# An ordinary Sunday in London..pictures by me!!



## hollydolly (Aug 3, 2015)

Yesterday we went into the city...not to do any tourist things, but just to visit one of the bigger parks ( Regents park) mainly to allow me to walk to exercise my back ..London Zoo is at regents park we didn't visit there, nor did we visit the open air theatre because we were too early for the first show...however we enjoyed the park, then we took off from the park down the towpath to Camden Lock, and to the famous Camden street market. As is always the case the market was so packed it was almost impossible to take photos...but outside the market hall there are lots of  small high street shops and stalls selling tourist tat..so I took a few photos of that...then we walked and took tube trains  up to China town, Leicester square and Piccadilly Circus ...

So this is not a day in the life of Tourist London with Buckingham palace, Tower bridge, millennium wheel or museums and art galleries...This is the day in the life of an ordinary Sunday in central London, albeit with thousands of tourists in the pictures...

Hope you enjoy...

We start off with Royal  Regents park, which is very pretty , almost totally laid to lawn with rose gardens and little flower beds dotted here and there and with surprisingly few visitors yesterday  ... it has  sports fields, a boating lake and the world famous London Zoo inside ...these are just a few pictures I took of the walk through..


----------



## hollydolly (Aug 3, 2015)




----------



## hollydolly (Aug 3, 2015)

There's a small allotment area outside one of the gates where they have set up an area to teach people how to grow food organically...and so I was surprised to see this fella leaning up against one of the sheds..


----------



## hollydolly (Aug 3, 2015)




----------



## Lara (Aug 3, 2015)

Holy Smokes! These are spectacular Holly!! Such detail and color! I love the fountain droplets in stop action. Cool.


----------



## hollydolly (Aug 3, 2015)

me in Boots in 27 degree temps *duh*...forecast said it was gonna rain...it didn't.....and the pictures of me are the Only ones I didn't take..


----------



## hollydolly (Aug 3, 2015)

Lara said:


> Holy Smokes! These are spectacular Holly!! Such detail and color! I love the fountain droplets in stop action. Cool.

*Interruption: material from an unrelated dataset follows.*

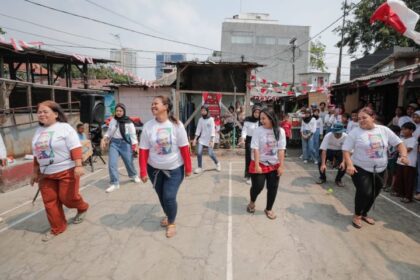 Ibu-Ibu warga di RT 07 RW 01, Kebayoran Lama, Jakarta Selatan, begitu semangat menyelesaikan perlombaan digelar Muslimah Ganjar pada momen 17 Agustus. Foto: Muslimah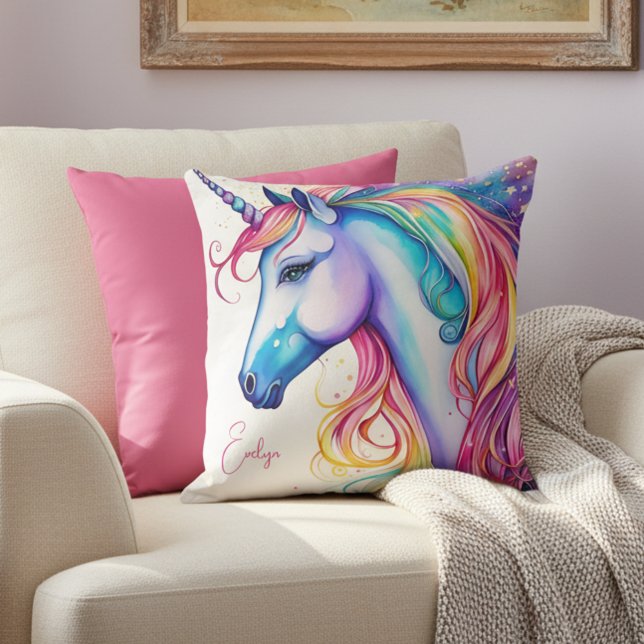 Oreiller Licorne avec Nom Personnalisé (Unicorn pillow - front and back.)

Well thank you very much Lara... ..more to come in a little while......meant to say the droplets are flowing water...but yes clearly they look as tho' they've stopped in the pictures..LOL...from a distance as we approached the pigeon looked like he was giving hismelf a bath from the heat..but when we got to him, he was actually just dipping his toes in..very funny!!


----------



## SifuPhil (Aug 3, 2015)

Beautiful pics ... and Londoners might not know much about guns but their parks are breathtaking!


----------



## AZ Jim (Aug 3, 2015)

Beautiful pictures and lady in boots too!!  *Smile*


----------



## Ameriscot (Aug 3, 2015)

You had a really lovely day!  Love the water drops shots.


----------



## hollydolly (Aug 3, 2015)

Thank you kindly folks.... and Phil yes we do have some really lovely parks , regents park although big isn't anywhere close to the size of our biggest park.. Richmond park which is 3 times the size of central park...one day I'll go there which is completely the opposite side of London to me, and take pictures of the beautiful wild deer...( I have a few somewhere but I'll make a day of it properly hopefully in the Autumn) 


some more... 

A beautiful Black swan...


----------



## ndynt (Aug 3, 2015)

Wonderful pictures, Holly.  Such a beautiful park...enhanced by the lovely lady in boots.  Thank you for sharing your day with us.


----------



## hollydolly (Aug 3, 2015)

We're leaving the park now and we walk across the road and walk down onto the regents Canal tow-path towards Camden town...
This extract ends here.